Fuselage can be made from 3mm foam sheet to a U-channel, open at the bottom. Some formers are glued to the trough and some to the top and sides. The top decking can be a piece of paper glued to 3 top formers: behind the cowling, at the instrument panel and at the back of the cockpit. It should be rolled to a curve and has the cockpit cutout removed last. The rear turtle deck can be a piece of paper, bent to resemble the stringer lines, and glued to the former at the back of the cockpit and the former at the front of the horizontal stabilizer. The rear turtle deck should be glued before the front decking. The side cheeks an be 2 pieces of paper, scored to resemble the stringer lines, and glued to formers behind the cowling.


To have the servos exposed on the starboard sides is an attractive proposition. Another attractive proposition is to have the servos hidden in the fuselage trough with the pushrods running internally.


For ease of cabane set up, simple blue foam blocks can be glued at those locations where the struts will be anchored. The completed fuselage, i.e. painted, finished, controls in placed etc, can be drilled at the oblique angle for CF rods. The CF rods are passed through the top wing's centre section and into the drilled holes. When the top wing, painted, finished, etc, is at the correct position, CA will lock all in place.
A similar approach can be used to strengthen the fuselage at the bottom wing's position. A bit of blue foam to fit in the U-channel, thus making that section a box, and with 2 CF rods grooved in, the lower wings' inboard sections rest on the protruding CF rods. The wing struts are also CF rods and passes through both top and lower wings. When the lower wings are in the correct position, use jig if necessary, the CF rods are CA'd, at the wing struts and at the inboard sections of the lower wings. Add two more pieces of blue foam behind the cowling where the landing gear is and the undercarriage can be assembled similarly.
Obviously the exposed CF rods has to be then dressed up, either as cabane or wing struts, or as undercarriage.

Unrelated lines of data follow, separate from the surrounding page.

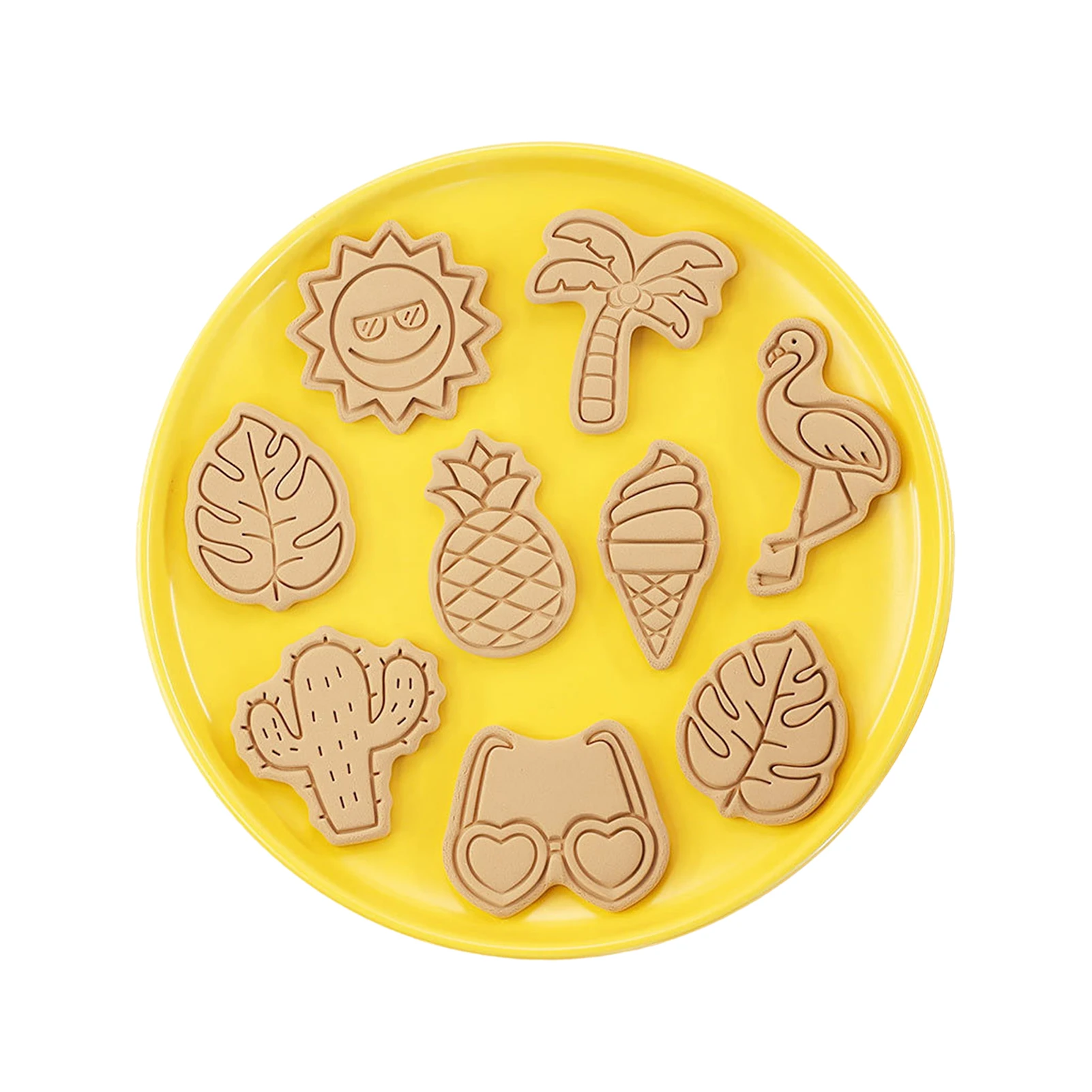

Summer Cookie Cutters Beach Cookie Cutters Pastry Molds For Baking Hawaiian Themed Biscuit Fondant Stamps For Cake Toppers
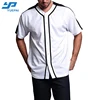 Custom Design Slim Fit Button Tackle Twill Baseball Jersey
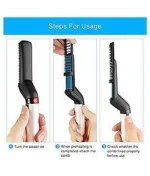 Men's beard and hair straightener styling tool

This can be simply folded pieces of printed/painted paper.


If I prepare the blanks for the foam sheet fuselage and paper coverings, it would be easy to make another fuselage and use that for a Sopwith Triplane model, which as I understand having read it somewhere, that the real Sopwith Triplane uses the Sopwith Pup's fuselage.


11 November 2015

Mount it this way?









5 November 2015

To improve the odds, I think it should have a lifting tail. When the CG can be moved back, the items in front of the CG will have a bigger moment arm and less noseweight is required.

My modelling experience started with chuck gliders. Wings and tails were mounted with zero incidence in order to have higher launch height. Otherwise the gliders would be looping and would transitioned to glide attitude around knee level! Those tails were from sheet balsa, the airfoil might have been lifting but I doubt I did that. My CG were mostly around the 25% mark except for tailless which was something like 10-15%.

Then I progressed to control line planes. Again the wings and tails were at zero incidence. CG was less important and level flight is achieved with the control line system.

I started RC with simple trainer planes. This time with some incidence in the wing and the thrustline had to be offset. But my RC planes/gliders had sheet tails or built up flat tails and this continued to present day because I didn't think of it and even if I did, I wouldn't have done a lifting tail from foam sheet.

My flying experience was incomplete because I did not do free flight models. And because my experience has always been with flat tails, I always considered that tails should no purpose apart from correcting the attitude, i.e. be set trailing without up or down force (like in aerobatic planes) or when I need more stability, provide downwards moment.

I think I should use a lifting tail for this model. On closer examination of the dimensions of the material indicated on the plan, it seems that was intended too.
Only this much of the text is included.